Data block:
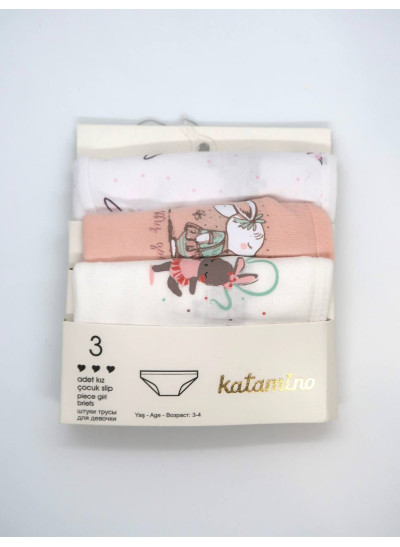 Труси Katamino для дівчат K128415 котон різнокольоровий 3 штуки зайки 1-2(р)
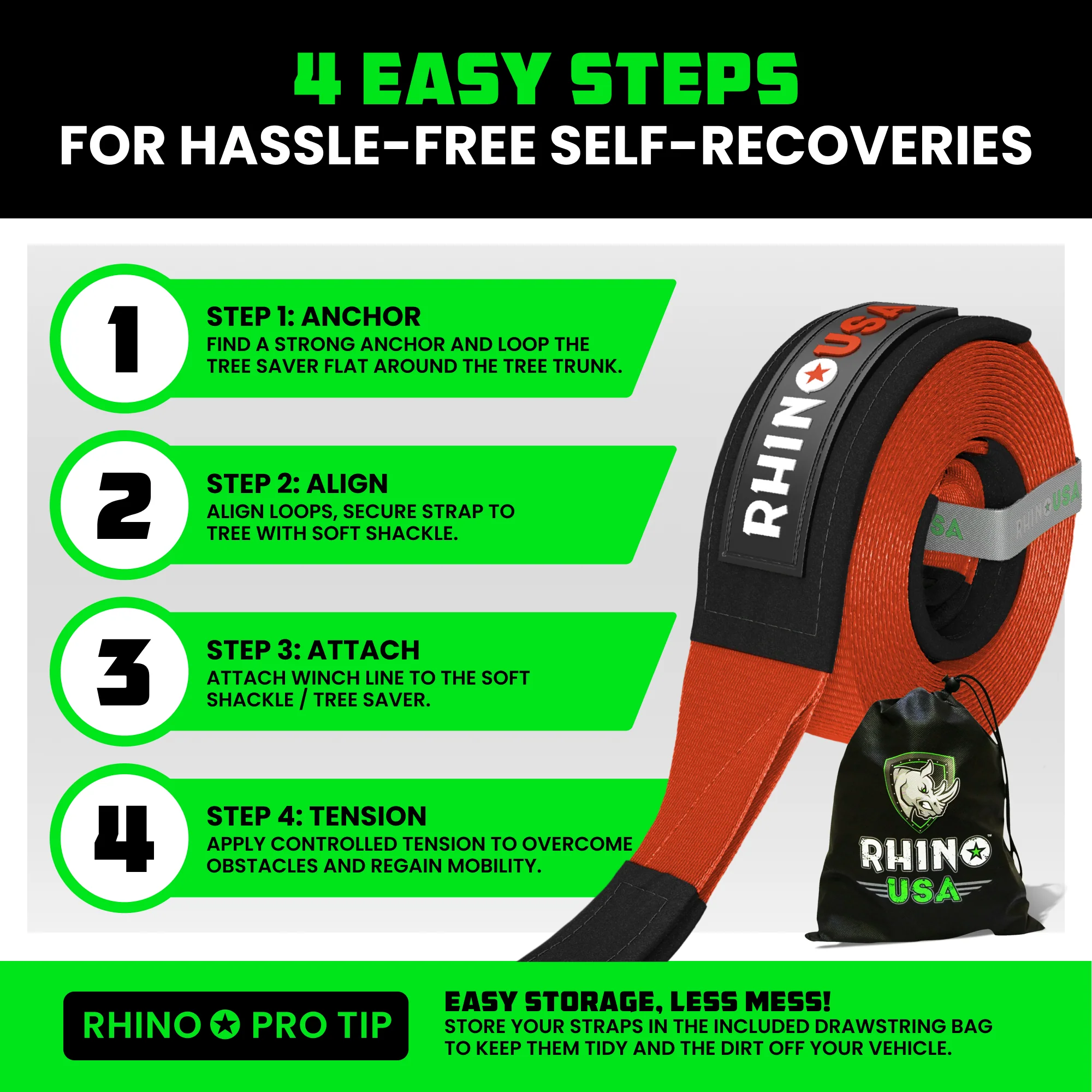 4" x 10' Recovery Tree Saver Strap - Image 37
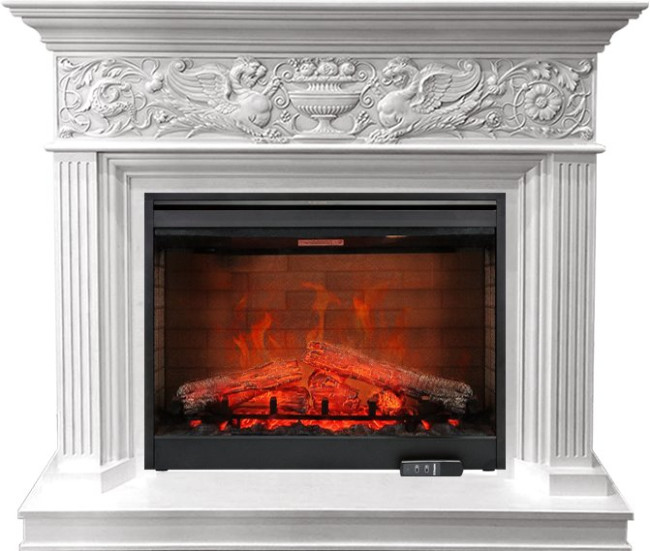 Каминокомплект Palace - Белый с серебром с очагом Symphony 30'' DF3020-EU в Омске
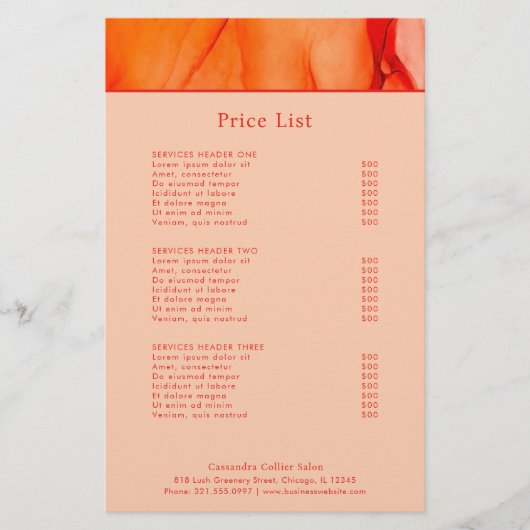 赤オモダンレンジ抽象芸術エレガント価格表 (正面)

Aim of the task:
Restate word for word, please, the line containing "Каминокомплект Palace - Белый" and all lines after it through the end of the material; the pictures do not belong in the copy.

Exercise answer:
 Каминокомплект Palace - Белый с серебром с очагом Symphony 30'' DF3020-EU в Омске
 赤オモダンレンジ抽象芸術エレガント価格表 (正面)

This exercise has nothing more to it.